Task prompt: Each line below must be reproduced exactly, though the pictures are to be dropped.

Supplied information:
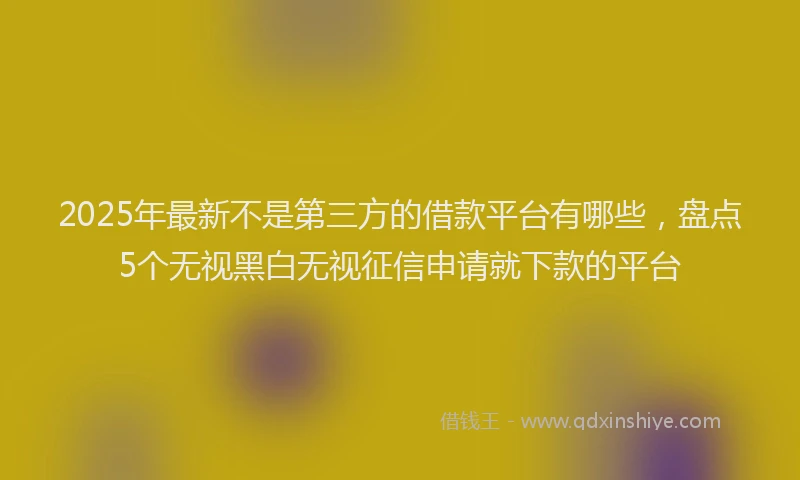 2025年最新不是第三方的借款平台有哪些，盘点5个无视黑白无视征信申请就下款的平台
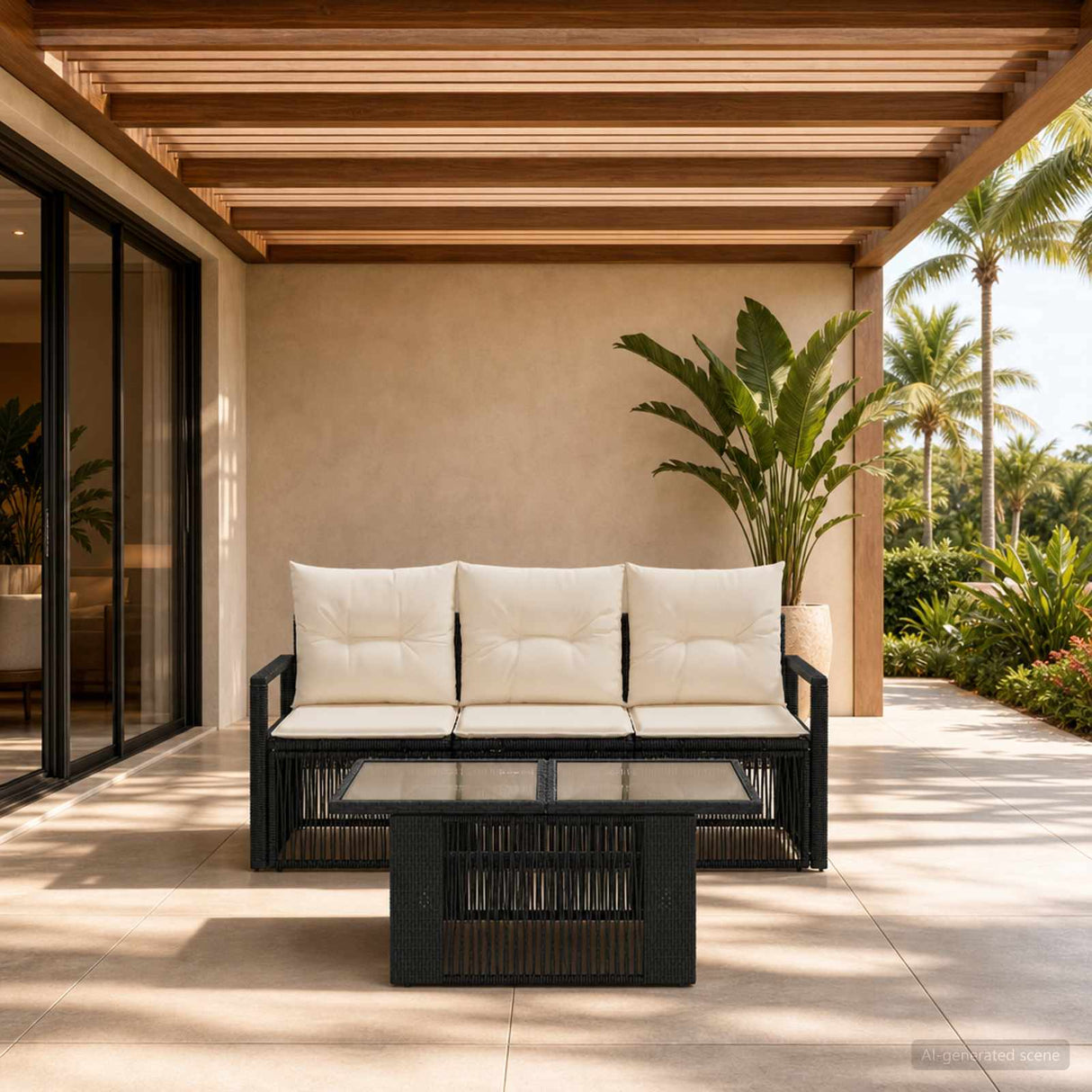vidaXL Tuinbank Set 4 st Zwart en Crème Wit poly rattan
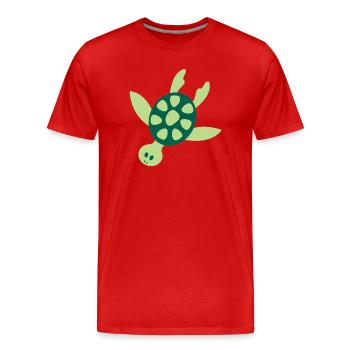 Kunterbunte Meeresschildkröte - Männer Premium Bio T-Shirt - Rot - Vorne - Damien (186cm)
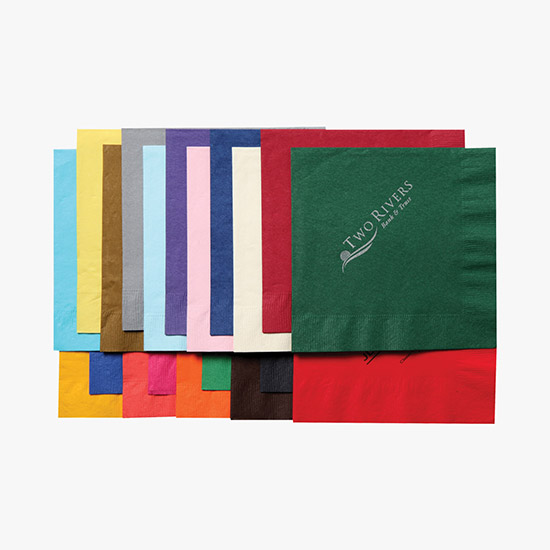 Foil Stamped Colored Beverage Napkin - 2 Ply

Exercise result:
 2025年最新不是第三方的借款平台有哪些，盘点5个无视黑白无视征信申请就下款的平台
vidaXL Tuinbank Set 4 st Zwart en Crème Wit poly rattan
 Kunterbunte Meeresschildkröte - Männer Premium Bio T-Shirt - Rot - Vorne - Damien (186cm)
 Foil Stamped Colored Beverage Napkin - 2 Ply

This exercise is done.